Retirement planning is a complex task and with recent demographic, economic, regulatory and legislative change, support and advice from well prepared financial planners will be required more than ever before.
When advisers plan their clients’ likely route through retirement it is important to understand and navigate the potential risks involved. This is another area where advisers can provide value to clients by helping them understand and mitigate these risks where possible.
Great emphasis is correctly placed on investment risk, especially when advising clients on income drawdown, but it is important to remember that this is not the only ‘game in town’. Adviser clients need to be aware that risk can present itself in a variety of ways, including:
• Longevity risk: the risk of living too long
• Mortality risk: the risk of dying too early
• ‘Day one’ risk: the risk of putting all of your eggs in one basket
• Insurer credit and counterparty risk: the risk of default at a provider or counterparty
• Inflation risk: the risk of inflation eroding the future value of retirement income
• Interest rate risk: the risk that interest rates will fall and affect capital/income returns or future annuities
• Legislative and regulatory risk: the risk that rule changes may affect client income levels and flexibility
• Timing risk: the risk attached to the timing of securing retirement income
Increasing longevity and the changing requirements during retirement
It is a fact that in the UK on average people now live longer, which means that their pension pot, which is obviously designed to provide a sustainable level of income, needs to be stretched out over a longer period.

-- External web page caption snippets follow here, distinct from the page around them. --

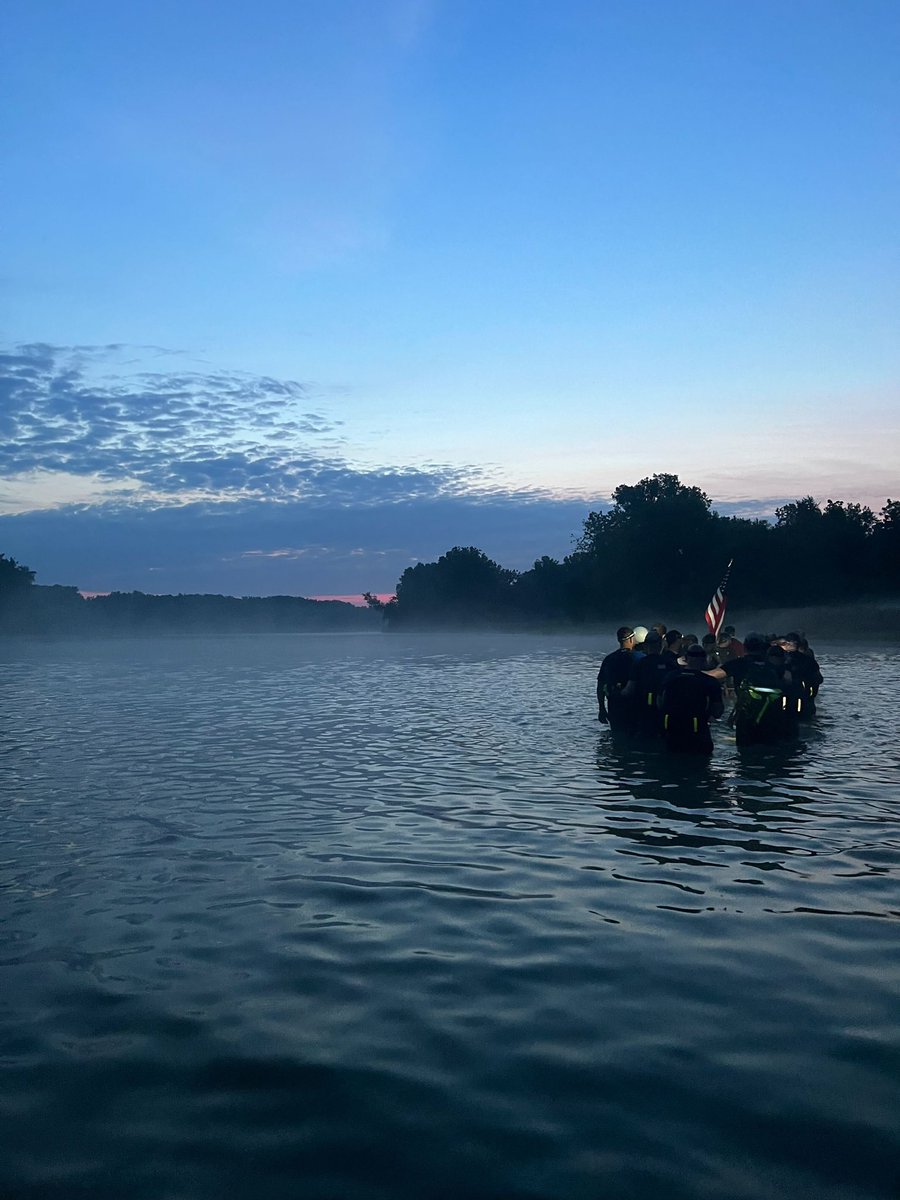 Photo of the weekend and possibly my Christmas card to my F3 brothers.

#GTE37 <a href="/GrowRuck/">GrowRuck</a> <a href="/F3Nation/">F3</a> <a href="/F3BlackSwamp/">F3 Black Swamp</a>
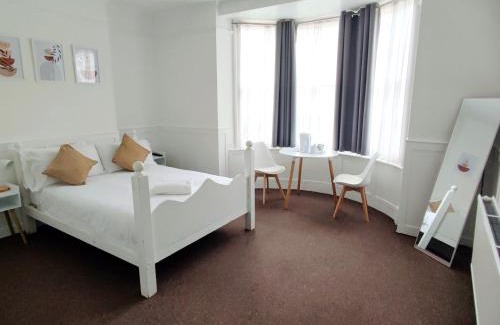Kemptown House | Central Wave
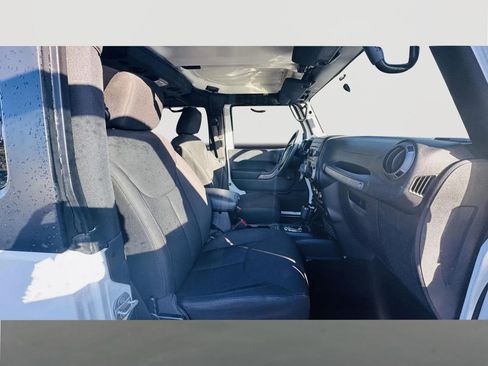 Used 2016 Jeep Wrangler Sport image 6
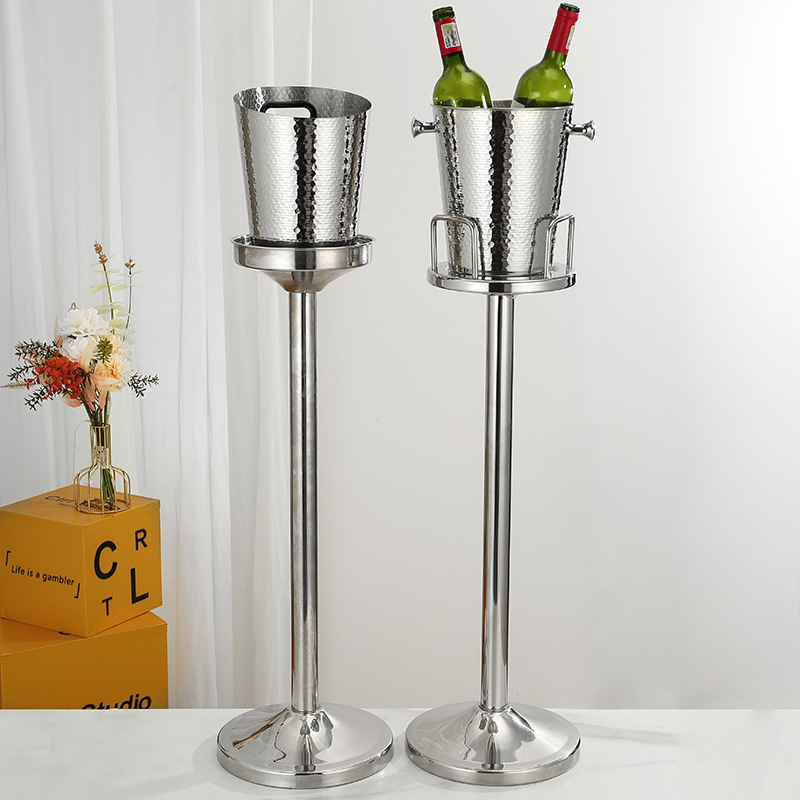 Thickened metal stainless steel ice bucket rack, European antler champagne bucket, hammer-patterned ice bucket, home bar and ktv display rack Application Scenario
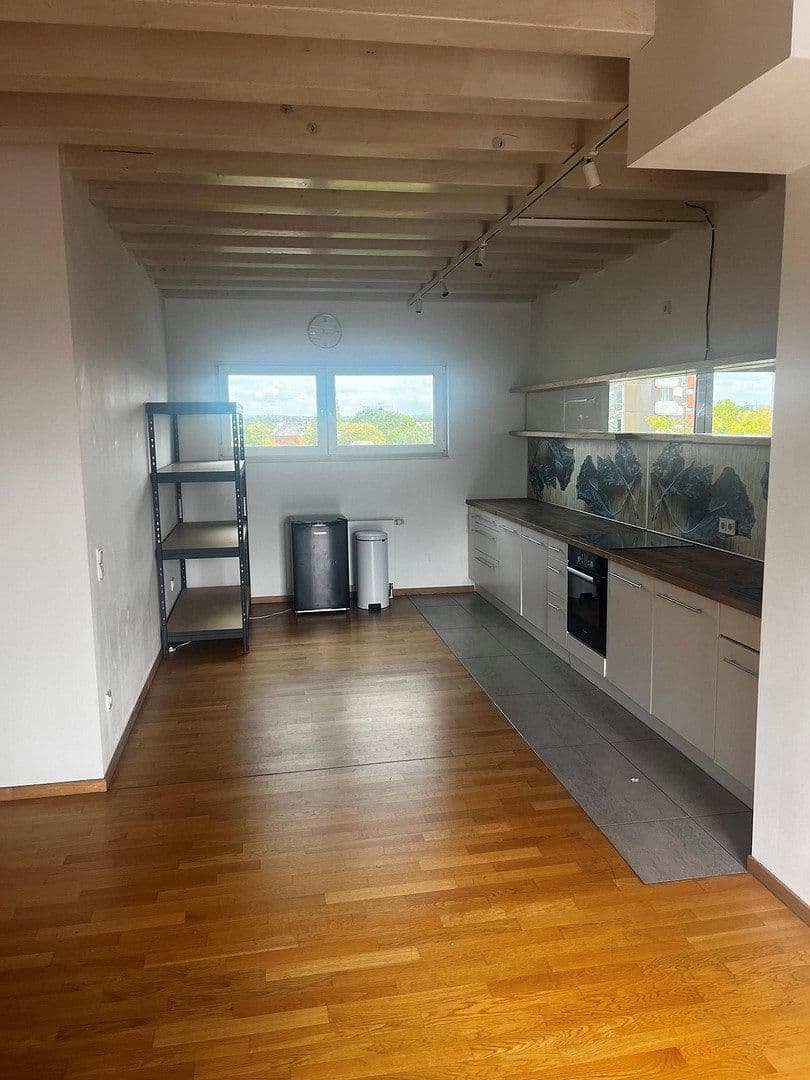 Pronájem bytu 2+1 61 m², Köln, Severní Porýní-Vestfálsko Pronájem bytu 2+1 61 m², Köln, Severní Porýní-Vestfálsko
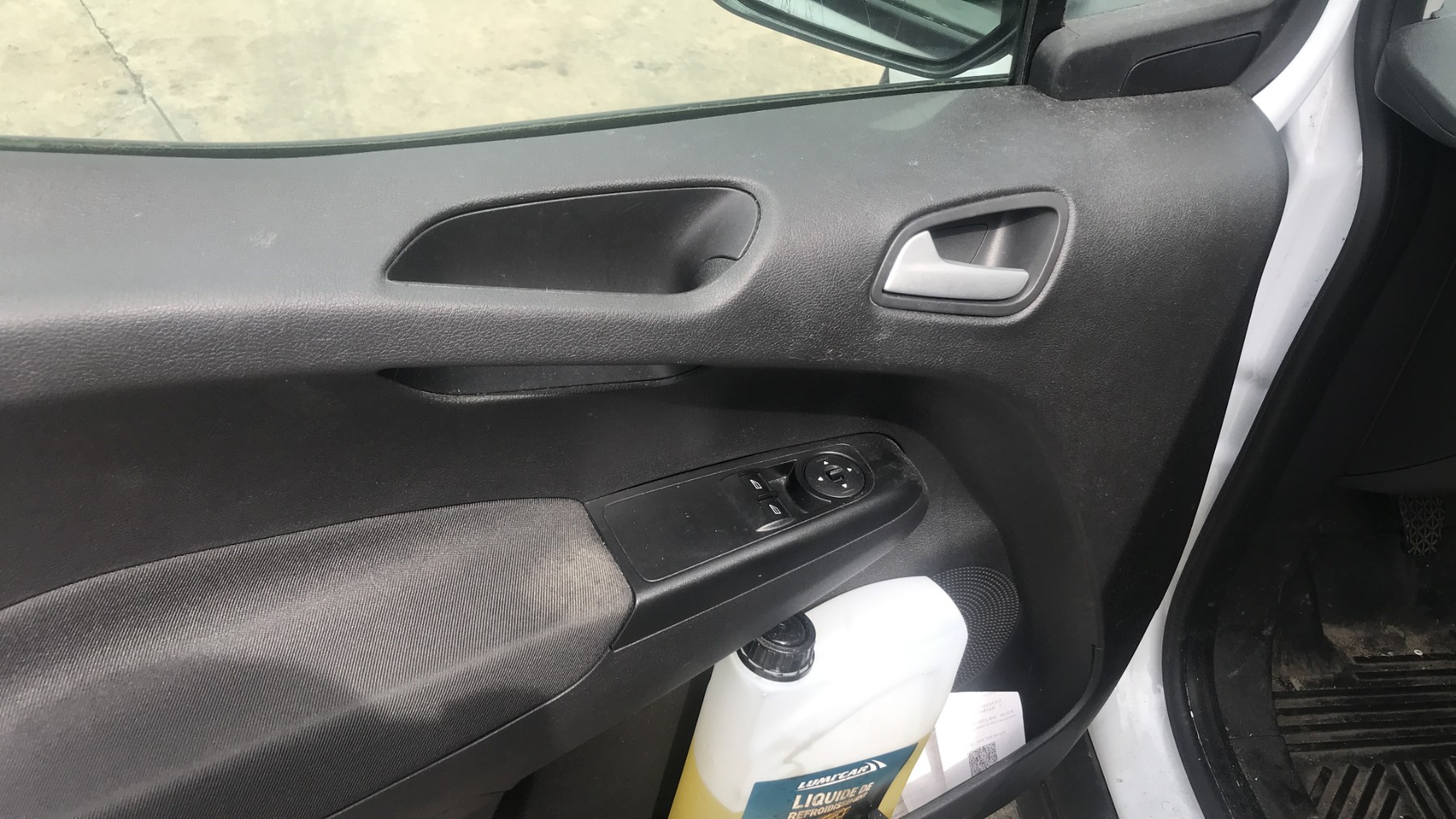 Image FORD TRANSIT COURIER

It is also acknowledged that people will generally move through a variety of life stages during retirement. Each of these life stages will come with different requirements, including that the client may have varying income requirements, health and medical status and attitudes to risk and loss during these different stages.
Advisers should therefore help their clients visualise their future requirements as well as recognise the long-term effects of their product selection. The requirement for flexibility is also underlined here.

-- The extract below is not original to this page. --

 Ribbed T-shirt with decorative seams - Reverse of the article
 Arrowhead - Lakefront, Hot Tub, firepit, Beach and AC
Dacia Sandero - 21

Of course client circumstances will vary but advisers can develop a framework to tackle key issues and considerations with their clients. As they learn more about the needs of their own client segments within the various life stages, they can seek to tailor the framework for their retirement advice proposition.
These life stages post-retirement can be categorised in a variety of ways but we at Defaqto define them as: active, passive, assisted and supported. Assumptions will need to be made and agreed about the likely length of time that the client may experience, and on the spending needs, within each of the four phases. The client’s health, lifestyle and family commitments should be taken into account.